2. Прибытие в Казань. Успехи Пугачева
По распоряжению главнокомандующего, согласно с данными ему приказаниями, избранные им в «секретную комиссию» офицеры должны были, еще прежде него, ехать в Казань. Вслед за другими пустился в путь и Державин. Между Петербургом и Москвой его обогнал сам Бибиков, выехавший 9-го декабря. Он вез с собою помянутый манифест, напечатанный при сенате в 1200 экземплярах. Этот самый манифест положено было перепечатать в Москве церковными буквами. Для этого, а также для распоряжений об отправке бывших там полков к Казани Бибиков пробыл в Москве четыре дня от (14-го до 18-го декабря). Здесь в то время еще не вполне изгладились следы моровой язвы, и недавно успокоившаяся чернь волновалась опять, с явным сочувствием к самозванцу.
Таким образом, Державин приехал в Казань ранее Бибикова. Назначение полководца, памятного в этом краю по своей деятельности во время бывших там за десять лет перед тем волнений, произвело на местных жителей самое благоприятное впечатление. При одном известии о скором его прибытии многие казанцы, от страха удалившиеся, стали возвращаться в город. Совсем другого рода молву готовили себе некоторые из подчиненных Бибикова.
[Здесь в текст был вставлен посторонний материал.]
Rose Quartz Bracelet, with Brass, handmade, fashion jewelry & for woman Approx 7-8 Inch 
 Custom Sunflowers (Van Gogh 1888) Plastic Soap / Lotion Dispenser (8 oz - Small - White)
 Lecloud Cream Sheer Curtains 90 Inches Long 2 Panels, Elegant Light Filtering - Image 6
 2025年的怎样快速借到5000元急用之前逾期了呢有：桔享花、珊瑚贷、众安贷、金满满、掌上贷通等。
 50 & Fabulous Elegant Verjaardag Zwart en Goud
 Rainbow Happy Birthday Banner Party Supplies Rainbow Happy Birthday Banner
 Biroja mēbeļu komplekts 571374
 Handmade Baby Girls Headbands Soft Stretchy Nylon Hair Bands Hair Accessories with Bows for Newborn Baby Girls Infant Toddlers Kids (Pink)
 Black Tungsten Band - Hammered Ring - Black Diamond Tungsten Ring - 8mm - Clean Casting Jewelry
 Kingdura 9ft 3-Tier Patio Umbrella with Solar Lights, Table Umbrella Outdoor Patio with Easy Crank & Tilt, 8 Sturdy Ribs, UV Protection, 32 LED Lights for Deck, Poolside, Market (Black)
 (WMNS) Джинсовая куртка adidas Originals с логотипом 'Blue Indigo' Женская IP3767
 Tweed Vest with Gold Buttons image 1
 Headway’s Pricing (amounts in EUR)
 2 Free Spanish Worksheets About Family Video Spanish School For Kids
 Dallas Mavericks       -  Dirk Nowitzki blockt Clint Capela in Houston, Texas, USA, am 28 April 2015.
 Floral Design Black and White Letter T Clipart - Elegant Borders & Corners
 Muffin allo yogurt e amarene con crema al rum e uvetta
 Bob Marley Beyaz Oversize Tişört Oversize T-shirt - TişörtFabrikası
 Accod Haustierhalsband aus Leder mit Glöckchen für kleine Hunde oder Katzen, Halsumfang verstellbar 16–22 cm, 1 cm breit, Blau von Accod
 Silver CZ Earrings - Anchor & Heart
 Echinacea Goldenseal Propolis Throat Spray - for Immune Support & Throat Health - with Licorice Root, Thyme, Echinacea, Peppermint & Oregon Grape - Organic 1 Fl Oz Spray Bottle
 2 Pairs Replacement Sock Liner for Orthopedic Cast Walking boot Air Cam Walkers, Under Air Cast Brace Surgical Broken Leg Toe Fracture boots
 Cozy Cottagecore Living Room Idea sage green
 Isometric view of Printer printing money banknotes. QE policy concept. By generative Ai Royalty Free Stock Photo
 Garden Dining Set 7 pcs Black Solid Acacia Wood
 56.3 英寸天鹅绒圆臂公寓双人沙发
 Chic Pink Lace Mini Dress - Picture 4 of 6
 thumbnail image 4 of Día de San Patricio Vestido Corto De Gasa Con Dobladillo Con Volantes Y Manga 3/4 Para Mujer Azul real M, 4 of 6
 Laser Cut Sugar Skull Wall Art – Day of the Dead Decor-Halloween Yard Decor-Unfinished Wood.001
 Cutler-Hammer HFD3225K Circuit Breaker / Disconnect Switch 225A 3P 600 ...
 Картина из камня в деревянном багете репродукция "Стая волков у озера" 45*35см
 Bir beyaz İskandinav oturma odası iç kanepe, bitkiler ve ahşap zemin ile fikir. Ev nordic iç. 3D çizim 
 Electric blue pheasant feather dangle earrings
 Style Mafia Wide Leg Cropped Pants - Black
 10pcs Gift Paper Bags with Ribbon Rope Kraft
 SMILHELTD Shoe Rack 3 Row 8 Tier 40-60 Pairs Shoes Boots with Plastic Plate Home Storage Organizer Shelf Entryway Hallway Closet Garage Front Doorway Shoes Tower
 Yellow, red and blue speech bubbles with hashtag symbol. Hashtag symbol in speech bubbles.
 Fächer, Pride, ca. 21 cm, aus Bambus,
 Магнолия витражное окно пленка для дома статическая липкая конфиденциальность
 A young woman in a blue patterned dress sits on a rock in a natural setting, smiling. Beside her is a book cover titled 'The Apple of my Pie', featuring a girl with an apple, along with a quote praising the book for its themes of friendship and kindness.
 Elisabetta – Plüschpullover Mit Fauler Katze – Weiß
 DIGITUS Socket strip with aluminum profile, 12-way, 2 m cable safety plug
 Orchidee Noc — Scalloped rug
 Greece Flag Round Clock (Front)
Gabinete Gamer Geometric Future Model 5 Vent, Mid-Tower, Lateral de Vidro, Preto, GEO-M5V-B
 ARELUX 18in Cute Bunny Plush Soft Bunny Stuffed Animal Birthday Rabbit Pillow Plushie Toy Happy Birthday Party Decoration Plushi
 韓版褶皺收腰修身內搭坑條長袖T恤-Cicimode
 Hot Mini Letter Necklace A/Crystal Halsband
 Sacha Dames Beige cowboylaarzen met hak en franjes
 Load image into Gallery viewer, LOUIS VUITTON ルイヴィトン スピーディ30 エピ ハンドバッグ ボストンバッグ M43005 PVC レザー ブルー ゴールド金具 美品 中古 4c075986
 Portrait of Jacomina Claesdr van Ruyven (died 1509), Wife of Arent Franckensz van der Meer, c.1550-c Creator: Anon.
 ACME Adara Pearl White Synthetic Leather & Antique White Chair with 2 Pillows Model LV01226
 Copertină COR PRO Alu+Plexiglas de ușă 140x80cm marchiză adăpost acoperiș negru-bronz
Старшим офицером секретной комиссии был Лунин. Вот что писал о нем в частном письме архимандрит Платон Любарский: «На сих днях прибыл сюда г. капитан Лунин с канцеляриею и командою для строжайшего по оренбургским делам следствия; для комиссии и содержания секретных колодников занял он насильно семинарию и тем нас немало утеснил, да чуть ли и совсем скоро не выживет. Он не смотрит ни на какие привилегии и состояния». Державин также говорит в своих записках, что прибывшие в Казань офицеры, как люди зажиточные, имевшие там много знакомых, а иные и родственников, шумно встречали наступившие святки; он же, напротив, жил уединенно в доме своей недостаточной матери, пользуясь случаями, чтобы от крестьян, приезжавших из его «деревнишек» с оренбургского тракта, разузнавать о движении злодейских шаек и расположении умов в народе.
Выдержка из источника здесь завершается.